Ainsi en 2007, avant le déclenchement de la crise financière, les bonus versés dans les cinq plus grandes banques d’investissement américaines de l’époque ont été évalués à 38 milliards d’euros dont 20 pour la seule Goldman Sachs.

Bonus des dirigeants : un encadrement législatif renforcé en France…

Au début de l’année 2013, le gouvernement Ayrault avait annoncé la volonté d’encadrer davantage les salaires des dirigeants.

La réforme bancaire, adoptée en juillet 2013 (voir notre actualité : régulation, ce qu’il faut retenir de la loi bancaire), a instauré ce principe. Les bonus et autres rémunérations variables des dirigeants bancaires et des traders doivent désormais être inférieures au niveau de leurs rémunérations fixes (salaires). À noter que cette part variable peut toutefois excéder de deux fois au maximum la rémunération fixe, à condition que les actionnaires s’y prononcent favorablement par un vote en assemblée générale à la majorité qualifiée.

Pour les dirigeants « non bancaires », l’encadrement législatif s’illustre principalement par la mise en place du say on pay, c’est à dire par la mise en place d’un vote consultatif au sein des assemblées générales sur leur niveau de rémunération.

… et en Europe

Suite aux nombreux scandales révélés par la crise financière de 2008 concernant les rémunération de quelques hauts responsables bancaires et les prises de risque inconsidérées de certains traders, l’Union Européenne a mis en place un certain nombre de mesures destinées à limiter les bonus du secteur financier (banques et entreprises d’investissement).
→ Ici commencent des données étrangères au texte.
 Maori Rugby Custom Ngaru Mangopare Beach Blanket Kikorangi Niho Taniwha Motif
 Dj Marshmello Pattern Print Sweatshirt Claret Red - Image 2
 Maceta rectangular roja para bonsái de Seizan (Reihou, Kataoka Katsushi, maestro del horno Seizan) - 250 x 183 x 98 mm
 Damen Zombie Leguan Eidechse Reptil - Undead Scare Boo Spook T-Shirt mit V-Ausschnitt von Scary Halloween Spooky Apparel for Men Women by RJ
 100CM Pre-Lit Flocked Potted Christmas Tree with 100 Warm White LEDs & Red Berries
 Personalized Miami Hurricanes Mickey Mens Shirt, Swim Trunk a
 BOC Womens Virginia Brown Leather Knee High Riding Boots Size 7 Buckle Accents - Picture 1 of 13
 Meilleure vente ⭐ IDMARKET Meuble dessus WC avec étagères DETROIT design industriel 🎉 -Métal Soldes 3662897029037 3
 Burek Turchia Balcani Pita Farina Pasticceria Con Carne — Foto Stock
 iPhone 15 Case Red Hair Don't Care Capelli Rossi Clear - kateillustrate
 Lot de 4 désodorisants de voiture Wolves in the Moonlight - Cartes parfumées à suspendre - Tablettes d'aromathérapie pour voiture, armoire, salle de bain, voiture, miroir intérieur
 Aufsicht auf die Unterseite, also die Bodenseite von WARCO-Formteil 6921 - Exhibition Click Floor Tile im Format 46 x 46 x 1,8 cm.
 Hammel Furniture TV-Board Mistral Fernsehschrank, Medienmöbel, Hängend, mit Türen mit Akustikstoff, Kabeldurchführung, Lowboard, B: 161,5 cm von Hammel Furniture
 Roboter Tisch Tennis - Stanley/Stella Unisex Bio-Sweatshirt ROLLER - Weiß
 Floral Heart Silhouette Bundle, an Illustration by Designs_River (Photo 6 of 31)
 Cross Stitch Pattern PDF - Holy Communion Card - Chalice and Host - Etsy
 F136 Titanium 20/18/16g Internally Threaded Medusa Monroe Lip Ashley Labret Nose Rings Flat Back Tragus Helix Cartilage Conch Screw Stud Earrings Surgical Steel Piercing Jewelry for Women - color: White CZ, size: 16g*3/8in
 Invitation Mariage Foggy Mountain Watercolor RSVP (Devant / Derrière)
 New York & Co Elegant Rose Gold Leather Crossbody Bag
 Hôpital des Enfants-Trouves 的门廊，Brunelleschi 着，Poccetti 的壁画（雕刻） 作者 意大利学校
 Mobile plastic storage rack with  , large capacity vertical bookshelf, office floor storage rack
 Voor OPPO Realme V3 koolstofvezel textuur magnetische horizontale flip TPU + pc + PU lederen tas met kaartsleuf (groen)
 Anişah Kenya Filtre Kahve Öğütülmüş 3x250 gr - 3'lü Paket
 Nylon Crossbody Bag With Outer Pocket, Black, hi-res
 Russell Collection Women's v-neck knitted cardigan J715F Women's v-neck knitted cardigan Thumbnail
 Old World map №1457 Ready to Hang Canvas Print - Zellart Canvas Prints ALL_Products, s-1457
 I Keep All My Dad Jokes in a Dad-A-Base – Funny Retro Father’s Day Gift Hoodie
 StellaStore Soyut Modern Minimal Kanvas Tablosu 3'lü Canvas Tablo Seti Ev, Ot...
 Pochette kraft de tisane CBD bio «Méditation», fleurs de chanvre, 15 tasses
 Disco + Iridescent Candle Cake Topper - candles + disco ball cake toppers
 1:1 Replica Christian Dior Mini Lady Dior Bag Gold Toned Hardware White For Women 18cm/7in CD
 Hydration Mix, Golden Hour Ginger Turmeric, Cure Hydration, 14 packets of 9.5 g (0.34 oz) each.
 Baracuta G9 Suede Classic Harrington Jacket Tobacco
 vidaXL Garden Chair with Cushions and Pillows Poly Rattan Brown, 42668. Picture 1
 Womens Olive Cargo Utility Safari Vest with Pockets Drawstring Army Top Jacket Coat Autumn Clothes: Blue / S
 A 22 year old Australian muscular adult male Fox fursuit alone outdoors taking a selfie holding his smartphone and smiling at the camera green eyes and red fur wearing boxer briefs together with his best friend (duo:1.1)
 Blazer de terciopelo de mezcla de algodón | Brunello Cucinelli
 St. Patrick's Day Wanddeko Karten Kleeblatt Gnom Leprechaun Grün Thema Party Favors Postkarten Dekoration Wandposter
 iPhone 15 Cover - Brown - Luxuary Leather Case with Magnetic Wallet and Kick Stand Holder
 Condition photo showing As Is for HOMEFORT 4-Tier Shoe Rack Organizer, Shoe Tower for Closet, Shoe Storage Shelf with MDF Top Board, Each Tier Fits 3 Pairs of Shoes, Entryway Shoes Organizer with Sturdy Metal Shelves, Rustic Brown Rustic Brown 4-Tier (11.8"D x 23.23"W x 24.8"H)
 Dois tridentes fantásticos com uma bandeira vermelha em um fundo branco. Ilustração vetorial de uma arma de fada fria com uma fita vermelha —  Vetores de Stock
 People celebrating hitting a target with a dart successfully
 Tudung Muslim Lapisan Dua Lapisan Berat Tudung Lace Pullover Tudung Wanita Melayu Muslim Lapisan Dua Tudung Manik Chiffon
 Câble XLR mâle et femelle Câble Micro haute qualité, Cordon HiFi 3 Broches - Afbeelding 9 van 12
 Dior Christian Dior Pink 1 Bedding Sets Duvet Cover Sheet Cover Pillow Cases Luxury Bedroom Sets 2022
Depuis le 1er janvier 2014, après plusieurs mois de négociation entre Etats membres de l’Union européenne, le plafonnement des bonus bancaires est entré en vigueur. Désormais, le montant de la rémunération variable ne doit pas excéder celui de la rémunération fixe. Sous certaines conditions, ce plafonnement peut aller jusqu’à deux fois la rémunération fixe sous réserve qu’il soit accepté à la majorité qualifiée en assemblée générale.

Une mesure qui ne ravit pas le Royaume-Uni. Dès le début des négociations, son ministre des Finances, George Osborne, s’était prononcé contre ce dispositif susceptible de créer des « effets pervers » en poussant par exemple les salaires fixes à la hausse ou en rendant plus difficile l’ajustement des rémunérations à la baisse. Le gouvernement britannique a d’ailleurs décidé de porter ces arguments devant la Cour de Justice du Luxembourg en septembre 2013.

Parallèlement, dès le début de l’année 2014, suite à des révélation d’un dirigeant d’HSBC sur les possibilités de contournement du plafonnement des bonus bancaires, les autorités européennes ont décidé de définir plus précisément le champ des employés du secteur financier concernés par l’application de cette mesure.

Pas moins de 15 critères qualitatifs (être membre de l’organe de direction de l’établissement, être en mesure d’engager des décisions ayant un impact significatif sur la gestion des risques, etc.) et 3 critères quantitatifs (percevoir une rémunération annuelle supérieure à 500 000 euros, faire partie des 0,3 % les mieux rémunérés, disposer d’un salaire au moins équivalent à celui d’un membre de la direction générale ou à d’autres preneurs de risques significatifs) ont été définis. Le Parlement et les Etats membres de l’UE disposent d’un délai d’un mois à compter du 4 mars 2014 pour avaliser ces nouvelles mesures.